Marguerite-Marie (Maison Saint-Joseph)Mais Dieu a ses vues sur sa privilégiée : Il ne l’a purifiée et ne se l’est toute consacrée dans le sacrifice que pour l’unir à Lui dans une communion, un mariage eucharistique, unissant à jamais leurs deux cœurs :

« Dans ma solitude de l’année 1684, mon souverain maître me fit la miséricorde de me départir ses grâces avec tant de profusion qu’il me serait difficile de m’en exprimer… »

« Le premier jour, il me présenta son sacré Cœur comme une fournaise ardente où je me sentis jetée, d’abord pénétrée et embrasée de ses vives ardeurs qu’il me semblait m’aller réduire en cendres. Ces paroles me furent dites : “ Voici le divin purgatoire de mon amour où il te faut purifier le temps de cette vie purgative ; puis, je t’y ferai trouver un séjour de lumière et ensuite d’union et de transformation. ” »

« La nuit du jour de ma confession je me sentis réveiller, et d’abord tous mes péchés me furent représentés comme tout écrits que je n’eus qu’à les lire, en me confessant, mais avec tant de larmes et de contrition qu’il me semblait que mon chétif cœur s’allait fendre de regret d’avoir offensé cette bonté infinie… »

Après trois jours de vie purgative, elle est mise “ en un séjour de gloire et de lumière ”. L’âme de cette vierge très pure s’abandonne alors à son Dieu :

« Il épousa mon âme en l’excès de sa charité, mais d’une manière et union inexplicables, changeant mon cœur en une flamme de feu dévorant de son pur amour… »

Jésus lui fait entendre qu’Il la destine « à rendre un continuel hommage à son état d’hostie et de victime au très Saint-Sacrement » et qu’elle doit pratiquer ses vœux religieux « sur ce sacré modèle » :

« Qu’y a-t-il de plus obéissant que mon Jésus en la sainte Eucharistie ? (…) Je veux donc obéir jusqu’au dernier soupir de ma vie pour rendre hommage à l’obéissance de Jésus en l’Hostie, dont la blancheur m’apprend qu’il faut être une pure victime pour lui être immolée sans tache… »

Les moindres gestes humains ne sont plus pour elle qu’une figure, qu’une évocation bien imparfaite de son union au Corps de son Bien-Aimé :

« Lorsque j’irai prendre ma réfection, je l’unirai à cette nourriture divine dont il sustente nos âmes dans la sainte Eucharistie, lui demandant que tous les morceaux soient autant de communions spirituelles qui m’unissent et me transforment toute en lui-même. »

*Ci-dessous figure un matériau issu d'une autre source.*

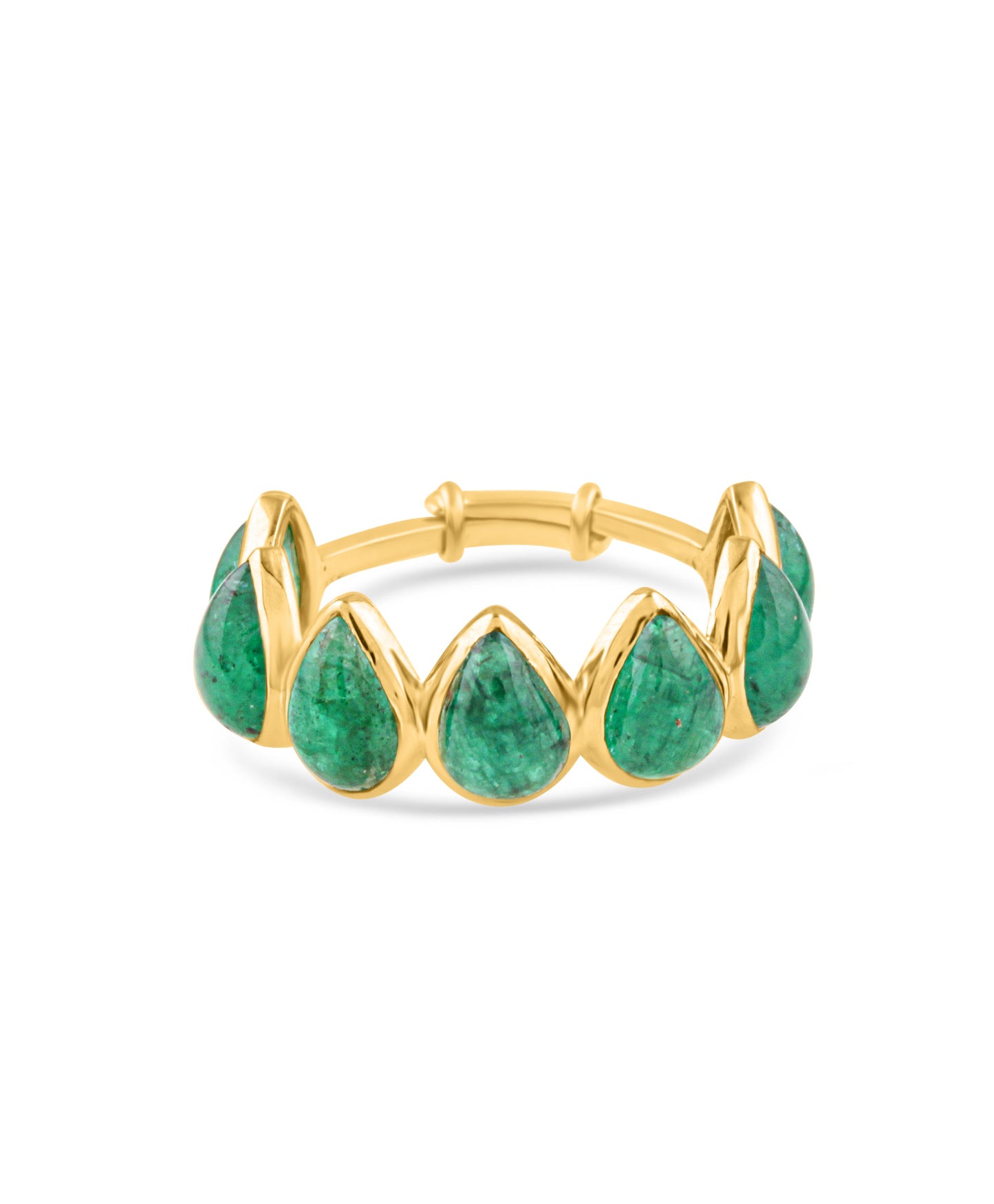 Emerald Pear Shape Ring In 18K Yellow Gold - AiJi World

Jésus imprime en son cœur la vie « toute cachée et anéantie aux yeux des hommes » qu’Il mène en l’Eucharistie, en même temps qu’elle jouit de grandes grâces mystiques, comme d’une épouse caressée et baisée par son époux. Elle est pénétrée d’une faim de plus en plus ardente pour Jésus-Hostie, au point que Jésus vient lui-même la consoler :

« Ma fille, ton désir a pénétré mon Cœur si avant que si je n’avais pas institué ce Sacrement d’amour, je le ferais maintenant pour me rendre ton aliment. Je prends tant de plaisir d’y être désiré, qu’autant de fois que le cœur forme ce désir, autant de fois je le regarde amoureusement pour l’attirer à moi. »

L’union de ces deux cœurs est telle que l’humble visitandine avoue : « Je souffrais une grande peine de voir mon Jésus si peu désiré dans cet auguste Sacrement ; surtout quand on en parlait avec froideur et indifférence, ce m’était une peine insupportable. ».

Elle va donc chercher à répandre dans tous les cœurs ce feu qui la brûle et lui fait tant aimer le Cœur de Jésus : « (…) pourvu que ce divin Cœur soit content, aimé et glorifié, cela nous doit suffire », écrit-elle à Mère de Soudeilles, l’engageant à « faire à son sacré Cœur un entier sacrifice de vous-même et de tout ce qui dépend de vous, sans réserve. »

Cet incomparable don du mariage mystique la transforme et lui donne une fécondité telle qu’il sera à l’origine de l’extension du culte et de la dévotion au Sacré-Cœur dans son petit couvent et dans le monde entier.